Below, we discuss two minor optimizations and scheduling knobs we implemented.

**Loop Peeling:** The generated ILIR in CORTEX involves loops with variable loop bounds. Splitting such loops gives rise to bounds checks in the bodies of the loops. We employ loop peeling to ensure that such checks are only employed for the last few iterations of the loop.

**Rational Approximations of Nonlinear Functions:** We use rational approximations for the *tanh* and *sigmoid* functions, which makes exploiting SIMD instructions on CPUs easier.

#### **B** DATA STRUCTURE LINEARIZATION

In our data structure linearizers, when lowering a pointer linked data structure to arrays, we associate the nodes with integer identifiers. When doing so for the case of dynamic batching, we ensure that nodes in a batch are numbered consecutively and higher than their parents. This enables us to lower the batches into two arrays — batch\_begin and batch\_length, which store the starting node and the length, respectively, of every batch. Thus, node n is in batch i if batch\_begin[i] <= n < batch\_begin[i] + batch\_length[i]. This numbering scheme also ensures that all leaf nodes are numbered higher than all internal nodes. This reduces the cost of checking if a node is a leaf. When nodes are numbered in this way, a leaf check involves a single comparison as opposed to a memory load (to load the number of children of a node under question, for example) and a comparison in the case where the numbering were arbitrary. This scheme thus generally reduces the overheads of iterating over batches and performing leaf checks.

# C ROOFLINE PERFORMANCE ANALYSIS FOR TREEFC MODEL

The roofline model (Williams et al., 2009) is a simple analytical performance model that can be used to quantify the amount of reuse exploited by a given computation kernel. As part of this model, the reuse exploited by a kernel is captured in the operational intensity ( $\mathcal{O}$ ) of that kernel. This metric is computed as the amount of computation performed per byte transferred from the memory. Below, we analyze the PyTorch, DyNet and CORTEX implementations of the simple TreeFC model using the roofline model.

Let N be the number of nodes in a tree, B be the batch size and B be the hidden size. In Fig. 14, we compute the total number of floating point operations ( $\mathcal{F}$ ) in the model, which remains constant across the three frameworks, and the total number of bytes ( $\mathcal{B}$ ) read or written to the off-chip memory.

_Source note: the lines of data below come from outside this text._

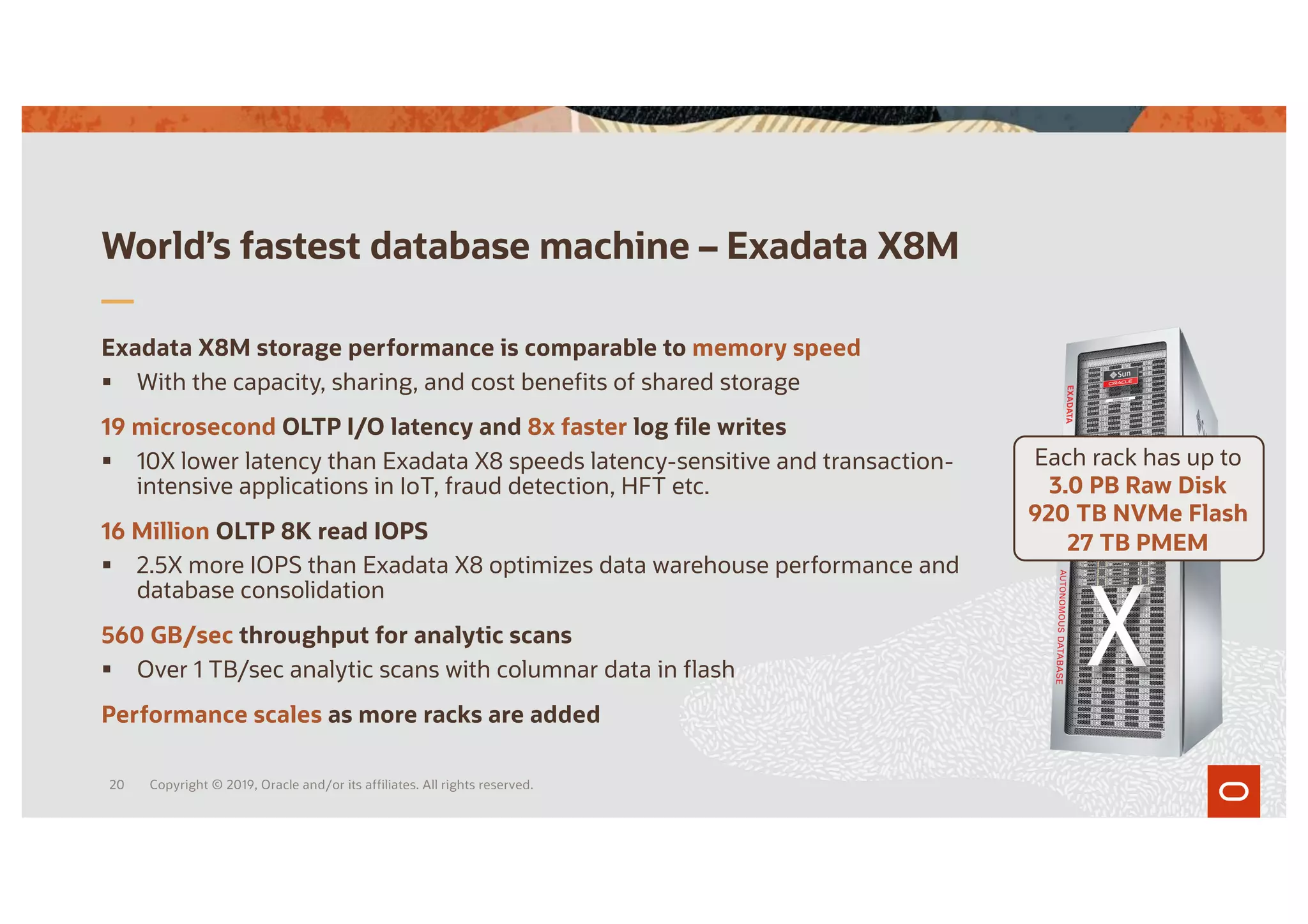World’s fastest database machine – Exadata X8M
Exadata X8M storage performance is comparable to memory speed
§ With the capacity, sharing, and cost benefits of shared storage
19 microsecond OLTP I/O latency and 8x faster log file writes
§ 10X lower latency than Exadata X8 speeds latency-sensitive and transaction-
intensive applications in IoT, fraud detection, HFT etc.
16 Million OLTP 8K read IOPS
§ 2.5X more IOPS than Exadata X8 optimizes data warehouse performance and
database consolidation
560 GB/sec throughput for analytic scans
§ Over 1 TB/sec analytic scans with columnar data in flash
Performance scales as more racks are added
Each rack has up to
3.0 PB Raw Disk
920 TB NVMe Flash
27 TB PMEM
Copyright © 2019, Oracle and/or its affiliates. All rights reserved.
20
 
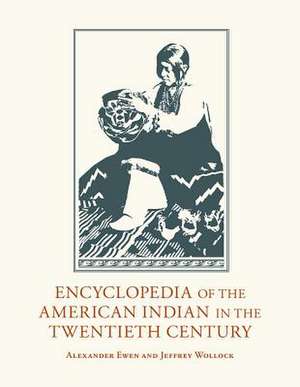 Encyclopedia of the American Indian in the Twentieth Century de Alexander Ewen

Assuming,  $N, H \gg B \geq 1$  and  $N \approx H = N_0$ , which is the case for our evaluation of the TreeFC model when  $H = h_s$ , we obtain

$$\begin{split} \mathcal{O}_{\text{CORTEX}} &= \frac{\mathcal{F}}{\mathcal{B}_{\text{CORTEX}}} \approx \frac{B \times N_0}{3 \times B + 2} \\ \mathcal{O}_{DyNet} &= \frac{\mathcal{F}}{\mathcal{B}_{DyNet}} \approx \frac{B \times N_0}{5 \times B + 8 \times \log_2(N_0)} \\ \mathcal{O}_{PyTorch} &= \frac{\mathcal{F}}{\mathcal{B}_{PyTorch}} \approx 0.5 \end{split}$$

As can be seen,  $\mathcal{O}_{\text{CORTEX}} > \mathcal{O}_{DyNet} > \mathcal{O}_{PyTorch}$ , suggesting that CORTEX generated kernels exploit more data reuse as compared to DyNet and PyTorch. One should note that this is a simple model that does not take into account other overheads associated with DyNet and PyTorch such as the kernel call and dynamic batching overheads discussed in §7.2.

# D REGISTER PRESSURE IN CUDA

CORTEX-generated CUDA kernels are often large, due to optimizations such as aggressive kernel fusion, loop peeling, loop unrolling and recursive unrolling. Furthermore, model persistence uses GPU registers to persist model weights. These factors lead to high register pressure. We find that recursive unrolling precludes us from using persistence for the TreeLSTM and TreeRNN models discussed in §7.4. Similarly, we note that we cannot apply the loop peeling and model persistence optimizations in the case of the TreeLSTM model at the same time. In our schedules, we have explored this trade-off space and evaluated on the best performing schedule. We note that techniques developed in past work such as (Rawat et al., 2018) and (Sakdhnagool et al., 2019) can potentially be applied in our context to alleviate this issue.